Judge of the Supreme Court of Appeal
- In office 1 September 1996 – 2001
- Appointed by: Nelson Mandela

Personal details
- Born: Christel Plewman 19 March 1927 Boksburg, Transvaal Union of South Africa
- Died: 27 June 2017 (aged 90)
- Spouse: Gillian Plewman
- Education: Selborne College
- Alma mater: University of the Witwatersrand

= Chris Plewman =

South African judge (1927–2017)

Christel Plewman (19 March 1927 – 27 June 2017) was a South African judge who served in the Supreme Court of Appeal from 1996 to 2001. Formerly an advocate and Senior Counsel in Johannesburg, he also served in the Witwatersrand Local Division of the Supreme Court of South Africa.

== Early life and legal career ==
Plewman was born in Boksburg.
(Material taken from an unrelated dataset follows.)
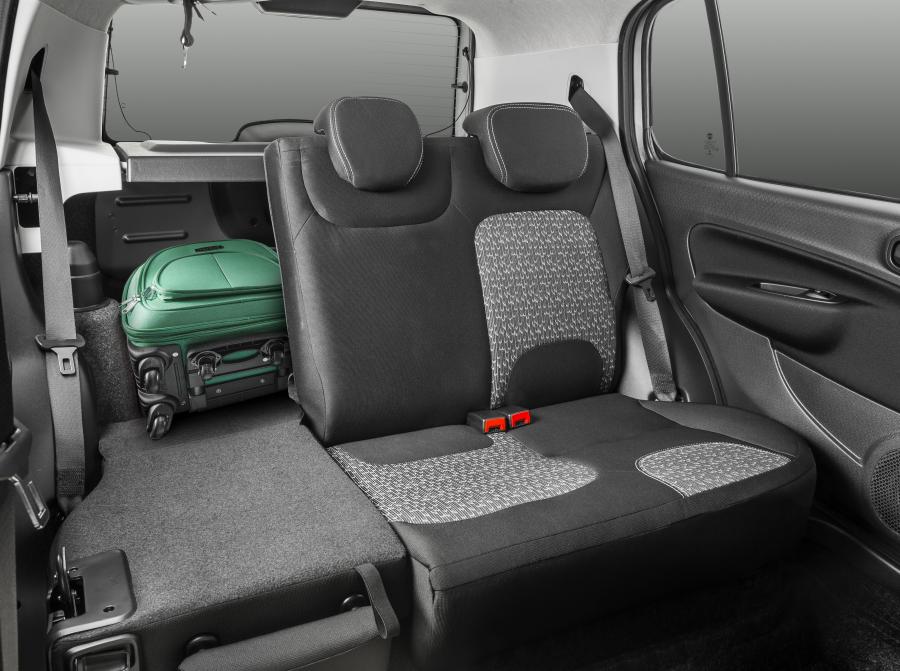 Интерьер Fiat Uno Attractive 2016 года  (фото 25 из 28)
He matriculated at Selborne College in East London in 1944 and went on to the University of the Witwatersrand, where he completed a BCom in 1948 and an LLB in 1951.

== Legal career ==
Plewman joined the Johannesburg Bar in 1952. During the first two decades of his career, he served as junior counsel in several prominent criminal trials, with clients including Barend van Niekerk (under Sydney Kentridge) and the Treason Trial defendants (under Isie Maisels). However, after taking silk in June 1972, he developed a commercial law practice, focusing primarily on intellectual property and patent law. He also represented the Bar on the government committees which drafted the Patents Act and Copyright Act of 1978.

== Judicial career ==
In 1991, Plewman accepted appointment as a judge of the Witwatersrand Local Division of the Supreme Court of South Africa. On 1 September 1996, he was elevated to the Supreme Court's Appellate Division (later the Supreme Court of Appeal), where he was viewed as an authority on intellectual property jurisprudence. He also succeeded Frikkie Eloff as chairman of the board of Legal Aid until September 1998, when he was replaced by Mahomed Navsa.

== Retirement and personal life ==
Plewman retired from the judiciary in 2001. However, he continued to work as an arbitrator and to serve as an acting judge in the Botswana and Lesotho Courts of Appeal. He died on 27 June 2017 at the age of 90.

He was married to Gillian Plewman and had three children, named Nicholas, Thomas, and Lisa.